Failure (`status: "failed"`):
- `reason`: Error description

## Behavior

- Auto-detects format from content
- Extracts complete text without filtering
- For Collections: extracts first Note's content field as URL

## Planning Notes

- Use when you have a specific URL and want complete content
- Use `search-web` when searching for information (returns filtered excerpts)
- For structured search results, extract URLs first with `project`

## Examples

```json
{"type":"fetch-text","target":"https://arxiv.org/pdf/1706.03762.pdf","out":"$paper_text"}
{"type":"project","target":"$papers","fields":["metadata.uri"],"out":"$urls"}
{"type":"fetch-text","target":"$urls","out":"$paper_text"}
```

Overview

This skill fetch-text extracts the complete textual content from a URL or a base64-encoded PDF and returns structured metadata. It auto-detects the source format (PDF, HTML, Markdown, or plain text) and supports Collection inputs by using the first item's content as the target URL. The output includes full text, format, page and character counts, and source metadata for reliable downstream processing.

How this skill works

Provide a target that is a URL, a base64 PDF, a Note ID, or a Collection ID. The skill inspects the input, auto-detects the content format, downloads or decodes the resource, and extracts all readable text without filtering.
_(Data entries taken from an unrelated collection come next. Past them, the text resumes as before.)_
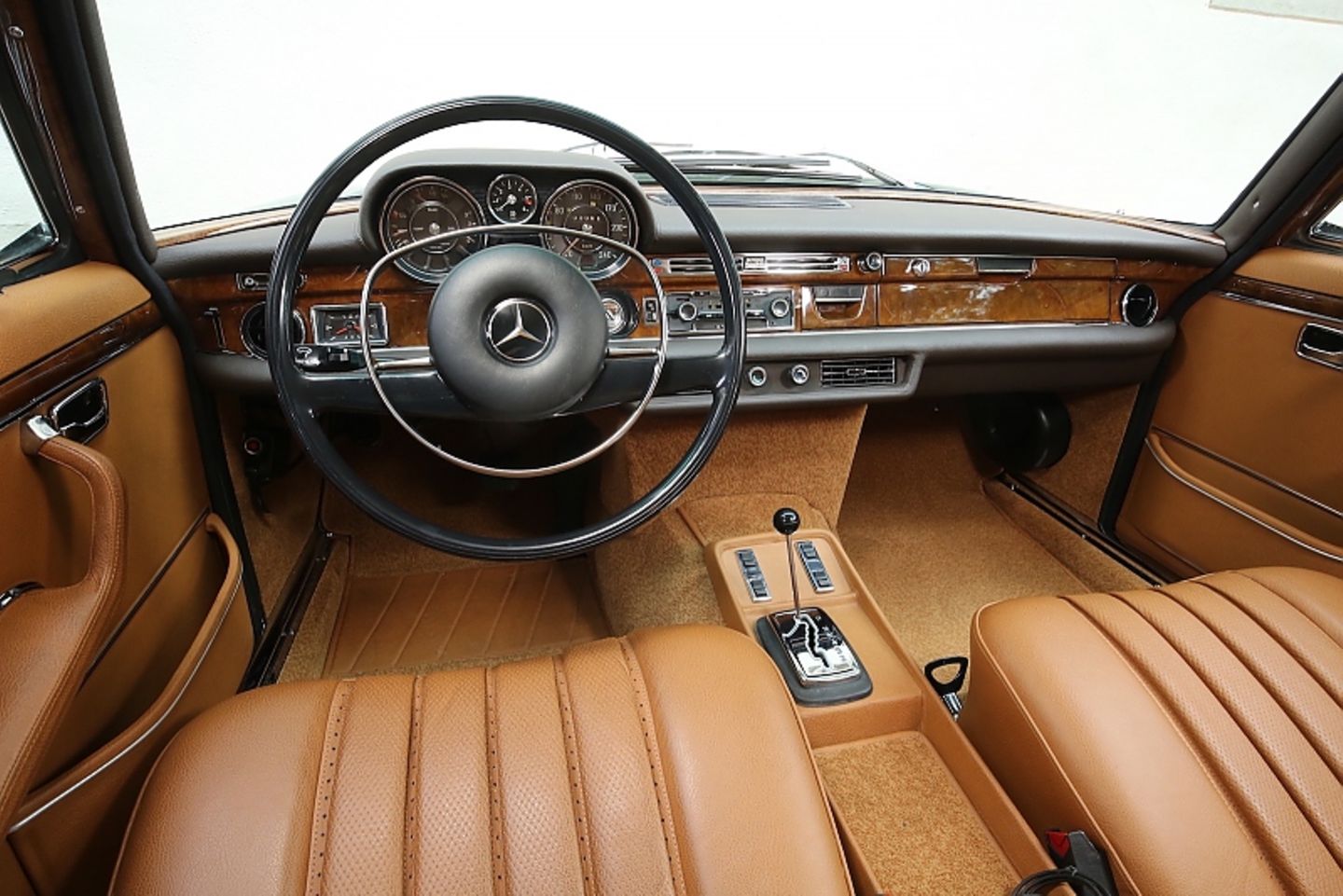 Mercedes 300 SEL 6.3 der Baureihe W 109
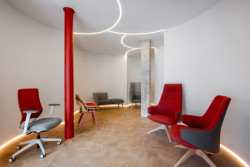 Veškeré sezení v Atelieru Bohemia pochází od české značky LD Seating.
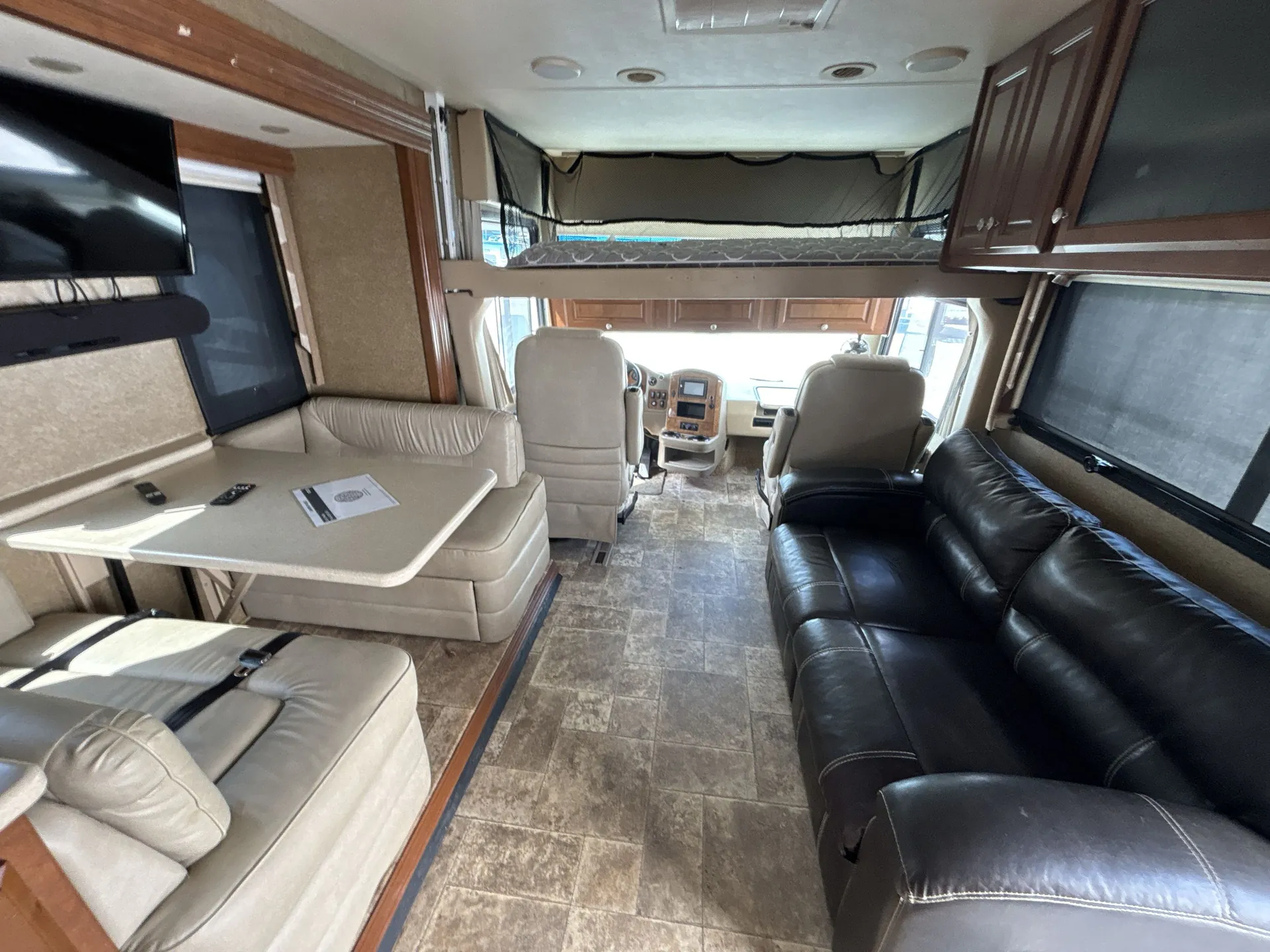 2014 Thor Motor Coach Palazzo 33.3 — living area main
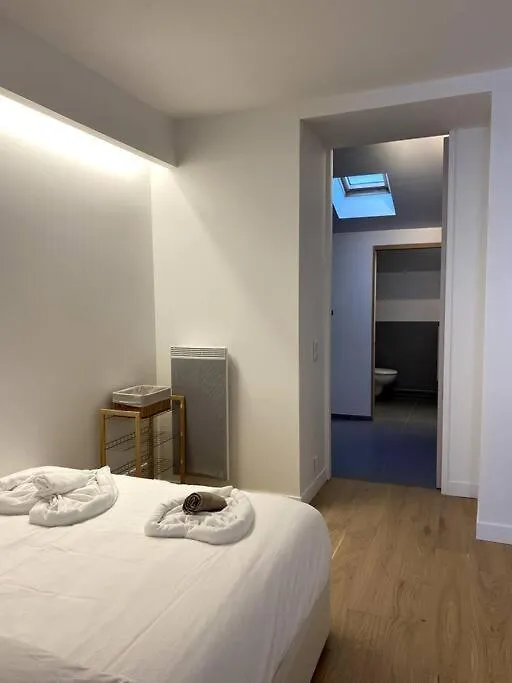 Modern Parisian Flat In Montparnasse Area Apartment 0*, Paris France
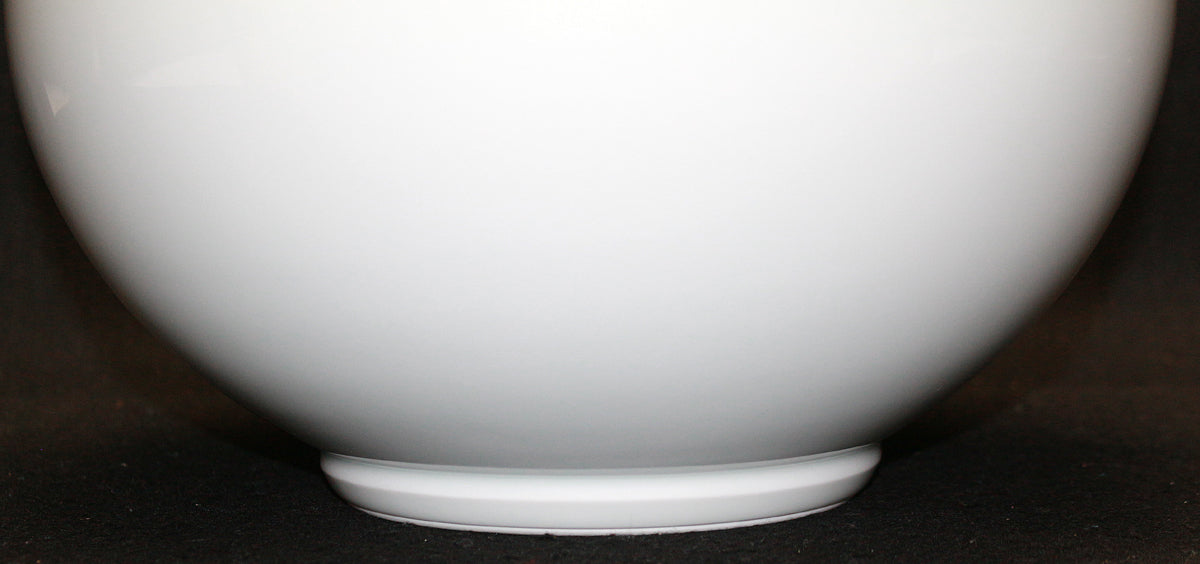 26071 Living National Treasure Inoue Manji White Porcelain Round Vase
For Collections it reads the first note’s content field as the URL and then proceeds with extraction, returning JSON with text, format, metadata, page_count (PDF), and char_count.

When to use it

  • You have a specific URL or a base64 PDF and need the complete unfiltered text.
  • You need to ingest full documents for NLP tasks (summarization, indexing, entity extraction).
  • You want accurate format detection across PDF/HTML/Markdown/TXT inputs.
  • You receive a Collection ID and need to extract its first item’s content as the source.

Best practices

  • Pass a canonical URL or direct base64 PDF to avoid redirects and partial captures.
  • For collections, ensure the first item’s content is the intended URL or file reference.
  • If PDFs are large, expect longer extraction time and consider paginated processing on downstream tasks.
  • Validate returned metadata.uri and format before downstream processing to handle unexpected content types.
  • Use this skill when you require complete text; use a search-oriented skill when you only need snippets or ranked passages.

Example use cases

  • Extract full text from academic PDFs (arXiv, publisher PDFs) for corpus creation.
  • Scrape entire web articles or documentation pages for indexing or offline analysis.
  • Ingest legal or compliance documents as base64 PDFs to feed an NLP pipeline for entity and clause extraction.
  • Process a Collection of notes by pointing to the Collection ID to automatically use its first item’s link as the extraction target.
  • Convert Markdown or plain text files hosted at a URL into a single text payload for summarization.

FAQ

What input types are supported?

Supported inputs: HTTP/HTTPS URLs, base64-encoded PDFs, Note IDs, and Collection IDs (it will use the collection’s first item as the source).

How does it report failures?

On failure the skill returns status: "failed" with a concise reason field describing the error (download, decode, or extraction issue).